Absolwentka Polish Open University na kierunku zarządzanie i marketing oraz zarządzanie zasobami ludzkimi. Ukończyła też Wyższą Szkołę Zarządzania i Bankowości w Krakowie. Zainteresowania: kino, literatura i fitness.
Ile mieszkań w całej swojej historii wybudowała firma?
Początki Grupy Deweloperskiej Geo sięgają 1988 roku. W Krakowie powstaje wtedy pierwsza prywatna firma z sektora budownictwa mieszkaniowego. W ciągu tych lat oddaliśmy ponad 4,5 tys. mieszkań. Zrealizowaliśmy 80 inwestycji na rynku krakowskim, wrocławskim i katowickim.
Teraz sprzedajemy mieszkania w inwestycji Mazowiecka 72 w Krakowie. Niedawno rozpoczęliśmy budowę kolejnego osiedla – tym razem w Katowicach przy ulicy Ceglanej.
Na którym osiedlu Geo najchętniej by pani zamieszkała?
Wybrałabym Fabrykę Czekolady przy ul. Wrocławskiej w Krakowie. To niepowtarzalne, klimatyczne, historyczne miejsce, gdzie przed laty istniała fabryka Wawel.
Projektując budynek, staraliśmy się jak najpełniej oddać charakter tego miejsca, stąd dominująca beżowo-brązowa kolorystyka, zachowanie zabytkowych drzwi wejściowych, portalu z płaskorzeźbą oraz odrestaurowanych fragmentów maszyn do produkcji czekolady.
Inwestycja położona jest w Krowodrzy, jednej z najbardziej prestiżowych dzielnic Krakowa, niedaleko centrum, w sąsiedztwie rozwiniętej infrastruktury i licznych węzłów komunikacyjnych.
Nie brakuje tu także miejsc umożliwiających wypoczynek.
Roczny dostęp do treści rp.pl za pół ceny
A które osiedle konkurencji budzi pani największy podziw?

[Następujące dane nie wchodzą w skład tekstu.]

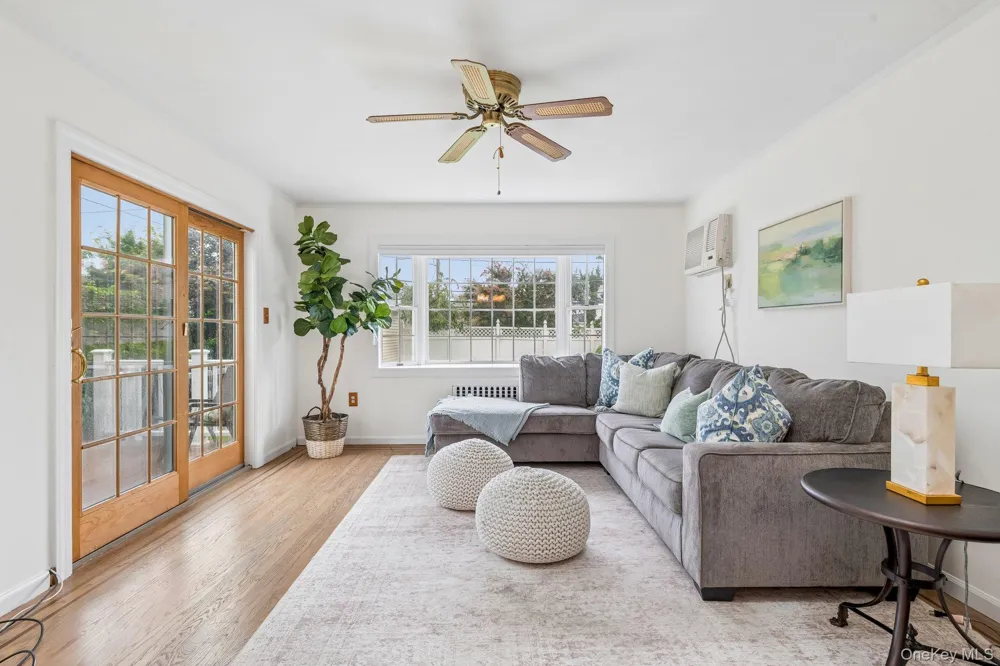 32 Cambridge Avenue Garden City, NY 11530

Największym atutem inwestycji mieszkaniowej jest lokalizacja, funkcjonalność i walory wizualne. Jako przykład mogę podać inwestycję ze wspaniałym widokiem: Kościuszki Apartaments w Krakowie.
Jak polskie inwestycje wypadają w porównaniu z zagranicznymi?

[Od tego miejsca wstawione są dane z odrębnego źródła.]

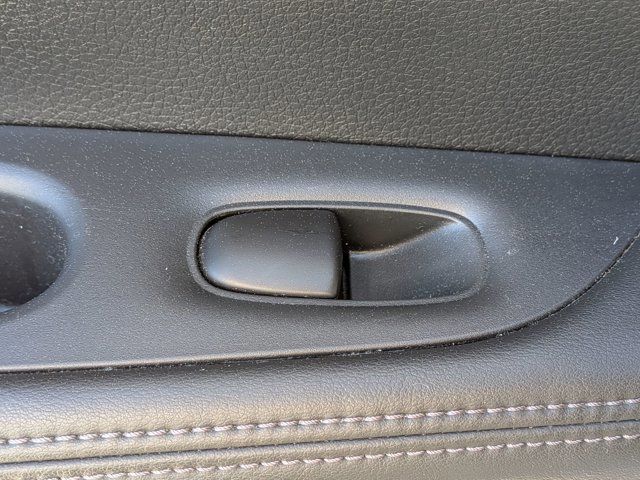 Used 2020 Nissan Rogue S w/ Special Edition Package image 29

W Polsce powstaje coraz więcej inwestycji o podwyższonym standardzie, które śmiało można porównać z rynkiem zagranicznym. Mają liczne udogodnienia i niestandardowe rozwiązania, bo takie są wymagania rynku. Ludzie poszukują mieszkań w atrakcyjnych lokalizacjach, które są dobrze skomunikowane z centrum. Zwracają uwagę na wygląd budynku, architekturę, wykończenie części wspólnych i to, co znajduje się na osiedlu, a więc ławki, plac zabaw, zieleń. Ważne jest też bezpieczeństwo (monitoring i ochrona).
Jeśli nie nieruchomości, to co?
Trudno byłoby znaleźć coś takiego. Mogłabym na przykład wrócić do poprzedniego zawodu i tego, czym się wcześniej zajmowałam, czyli HR, ze szczególną koncentracją na rekrutacji personelu wyższego szczebla i specjalistycznego.
Ma pani czas na pasje?
Wolnego czasu mam niewiele, jednak gdy uda mi się go wygospodarować, podróżuję. Całotygodniowy stres odreagowuję wysiłkiem fizycznym – uprawianiem sportu, wycieczkami pieszymi.
Ulubiona książka, ulubiony film?
Moja ostatnia fascynacja to „Pułapki myślenia. O myśleniu szybkim i wolnym" Daniela Kahnemana. Co do filmów, to ciągle wracam do „Dzikości serca" i „K- Pax".
Najlepsza rada?
Żeby cały czas iść do przodu, bo każdy kolejny krok zbliża nas do celu.